# Given data:
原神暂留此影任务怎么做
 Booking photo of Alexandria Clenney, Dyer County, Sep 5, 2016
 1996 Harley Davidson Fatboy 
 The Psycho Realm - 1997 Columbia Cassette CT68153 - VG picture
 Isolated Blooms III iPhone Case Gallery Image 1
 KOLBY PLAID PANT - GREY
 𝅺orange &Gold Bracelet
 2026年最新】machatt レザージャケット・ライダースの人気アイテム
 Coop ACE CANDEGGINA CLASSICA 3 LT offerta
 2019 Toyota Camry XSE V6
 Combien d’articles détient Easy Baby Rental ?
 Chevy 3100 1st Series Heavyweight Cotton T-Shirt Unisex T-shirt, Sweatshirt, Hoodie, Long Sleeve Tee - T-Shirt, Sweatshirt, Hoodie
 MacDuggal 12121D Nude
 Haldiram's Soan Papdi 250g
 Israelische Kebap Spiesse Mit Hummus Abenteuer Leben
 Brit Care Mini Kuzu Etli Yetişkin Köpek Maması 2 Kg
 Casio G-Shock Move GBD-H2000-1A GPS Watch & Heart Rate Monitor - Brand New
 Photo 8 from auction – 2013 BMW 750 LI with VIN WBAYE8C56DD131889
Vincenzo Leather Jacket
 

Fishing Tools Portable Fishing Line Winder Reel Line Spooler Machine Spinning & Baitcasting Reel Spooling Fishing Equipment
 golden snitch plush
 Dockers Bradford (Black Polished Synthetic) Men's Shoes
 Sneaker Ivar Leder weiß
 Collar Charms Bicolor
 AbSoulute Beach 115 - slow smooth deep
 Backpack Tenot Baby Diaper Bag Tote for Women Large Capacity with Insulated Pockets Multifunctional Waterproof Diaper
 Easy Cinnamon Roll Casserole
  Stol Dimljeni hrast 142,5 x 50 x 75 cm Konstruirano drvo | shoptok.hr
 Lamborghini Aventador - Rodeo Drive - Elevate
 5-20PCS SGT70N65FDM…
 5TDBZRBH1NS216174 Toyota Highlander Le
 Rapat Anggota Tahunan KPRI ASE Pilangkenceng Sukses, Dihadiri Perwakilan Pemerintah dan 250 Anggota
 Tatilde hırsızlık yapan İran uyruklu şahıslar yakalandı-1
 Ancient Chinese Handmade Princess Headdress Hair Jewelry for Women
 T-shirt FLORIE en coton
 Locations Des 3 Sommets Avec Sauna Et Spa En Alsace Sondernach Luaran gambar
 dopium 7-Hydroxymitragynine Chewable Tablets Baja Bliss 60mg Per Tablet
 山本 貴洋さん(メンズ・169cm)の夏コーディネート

# How to complete this task:
Using the listing above, return word for word each line from the one that has "Casio G-Shock Move" through the one that has "AbSoulute Beach 115 - slow smooth deep", and no line outside that range.

# Written response:
 Casio G-Shock Move GBD-H2000-1A GPS Watch & Heart Rate Monitor - Brand New
 Photo 8 from auction – 2013 BMW 750 LI with VIN WBAYE8C56DD131889
Vincenzo Leather Jacket
 

Fishing Tools Portable Fishing Line Winder Reel Line Spooler Machine Spinning & Baitcasting Reel Spooling Fishing Equipment
 golden snitch plush
 Dockers Bradford (Black Polished Synthetic) Men's Shoes
 Sneaker Ivar Leder weiß
 Collar Charms Bicolor
 AbSoulute Beach 115 - slow smooth deep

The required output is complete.